Jember, Aktual.com – Bupati Jember, Hendy Siswanto menyebut kurang lebih 70 persen warga Jember berprofesi sebagai petani. Pihaknya ingin berupaya menjaga produktifitas di wilayah pertanian dan berpesan agar jangan sampai luasan lahan produktif di Jember beralih fungsi menjadi wilayah perumahan atau wilayah lain yang dapat mematikan sektor pertanian Jember.

Hal itu disampaikan bupati, saat berdiskusi dengan perwakilan petani di Jember. Dalam peringatan Hari Tani Nasional ke 61 di Aula Lantai Dua Pendapa Wahyawibawagraha, Kamis (23/09)

“Jember 60-70 persen adalah petani, konsep kami pertama kali adalah petani Jember harus maju. Kita harus bangkit kembali soal pertanian yang ada. Karena seluruh petaninya benar-benar menguasai apa yang dilakukan,” ujar Bupati Jember Hendy Siswanto.

Dia memohon informasi dari masyarakat, kalau ada lahan yang alih fungsi tolong diinfokan kepada bupati.

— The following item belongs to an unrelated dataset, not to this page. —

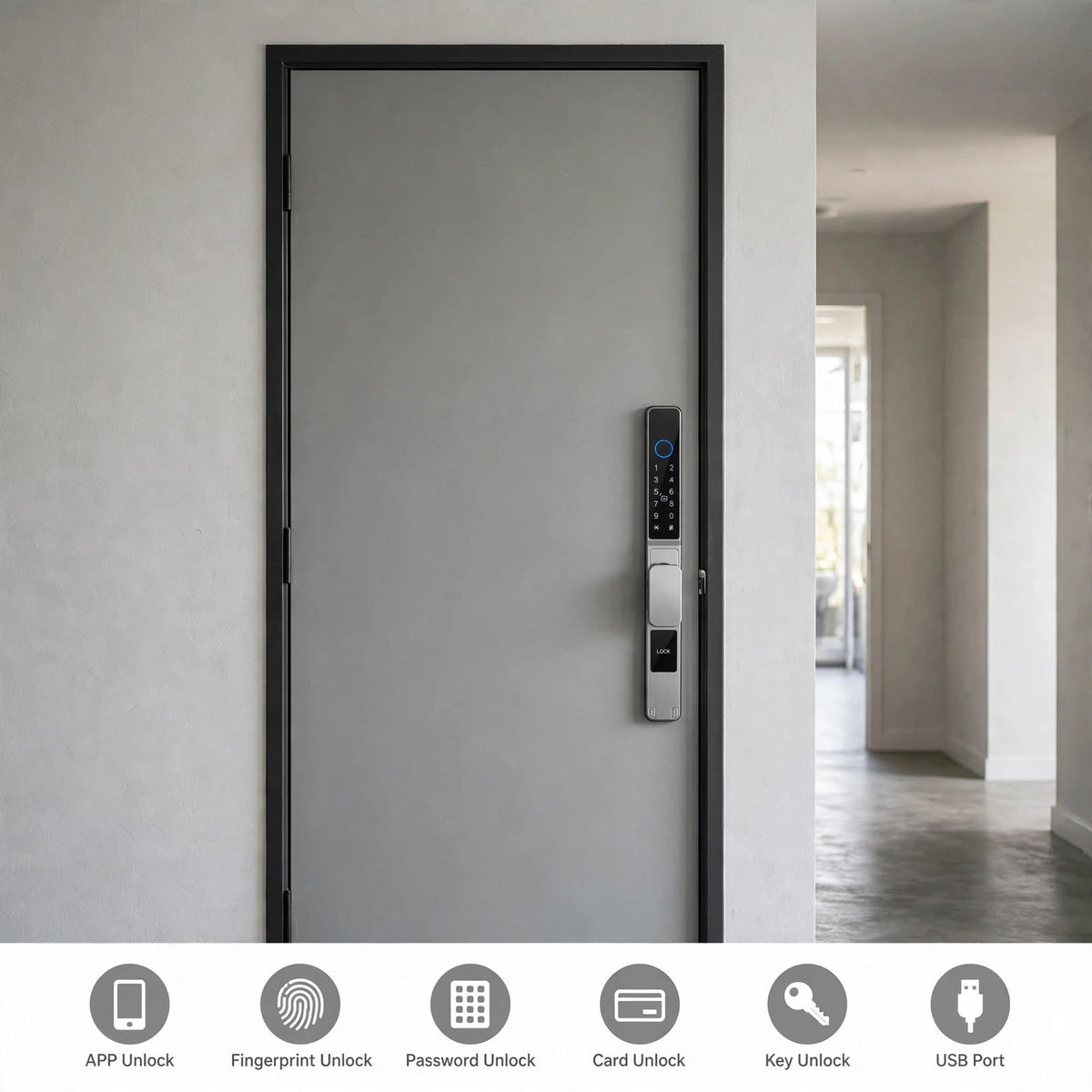 Grey entry door with the silver short-handle smart door lock, and icons for app, fingerprint, password, card, key and USB unlock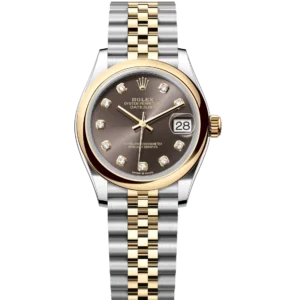 This Oyster Perpetual Datejust 31 in Oystersteel and yellow gold features a dark grey, diamond-set dial and a Jubilee band.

“Jangan sampai lahan-lahan produktif berubah menjadi perumahan atau macam-macam! Tidak boleh itu. Ini mohon dibantu. Kita tidak pernah mengizinkan adanya hal tersebut,” ujarnya.

Pihaknya juga akan memetakan RT/RW dan memfungsikan kegunaan lahan untuk ditanami apa. “Jangan sampai over produksi. Begitu sekarang tanaman tembakau, tembakau semua. Padi bagus padi semua, cabai bagus cabai semua. Nanti begitu panen raya harganya akan anjlok,” ujarnya.

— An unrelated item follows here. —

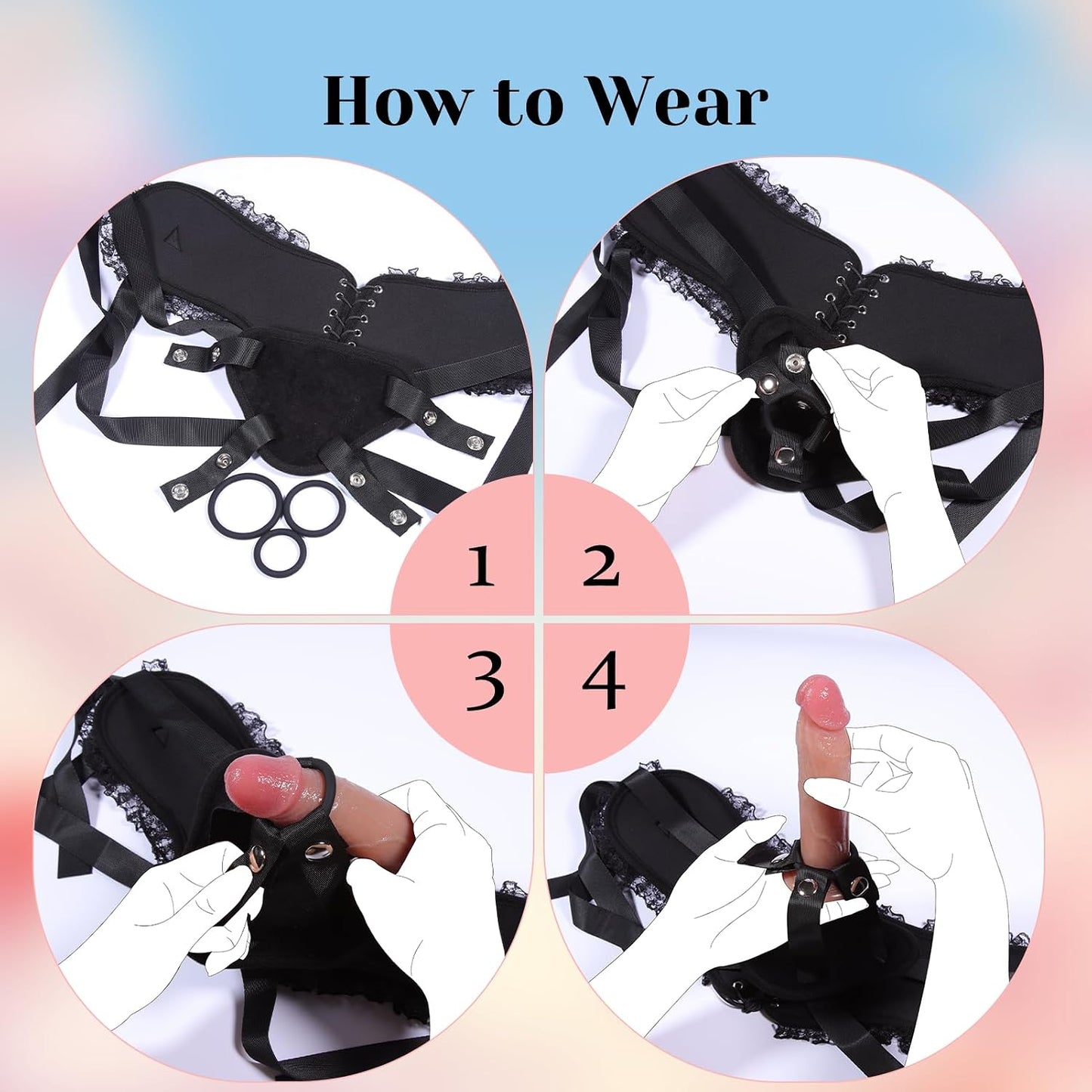 WitchingHour Strap-On Set | Lace Harness & Silicone Dildo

Sehari sebelumnya Pemkab Jember dan BPN Jember menyerahkan 500 sertifikat redistribusi tanah pasca konflik atau tanah sengketa yang telah selesai.

Ketua Serikat Tani Independen (Sekti) Jember Jumain mengatakan, Hari tani nasional adalah sekaligus merayakan hari lahirnya Undang-Undang Pokok Agraria 5 Tahun 1960.

“Saat ini Jember sudah ada gugus tugas reforma agraria yang tandatangani oleh Bupati Hendy. Maka dari itu, kami mendorong agar segera di bentuk pelaksana harian dan ditopang dengan anggaran yang cukup,” tutupnya.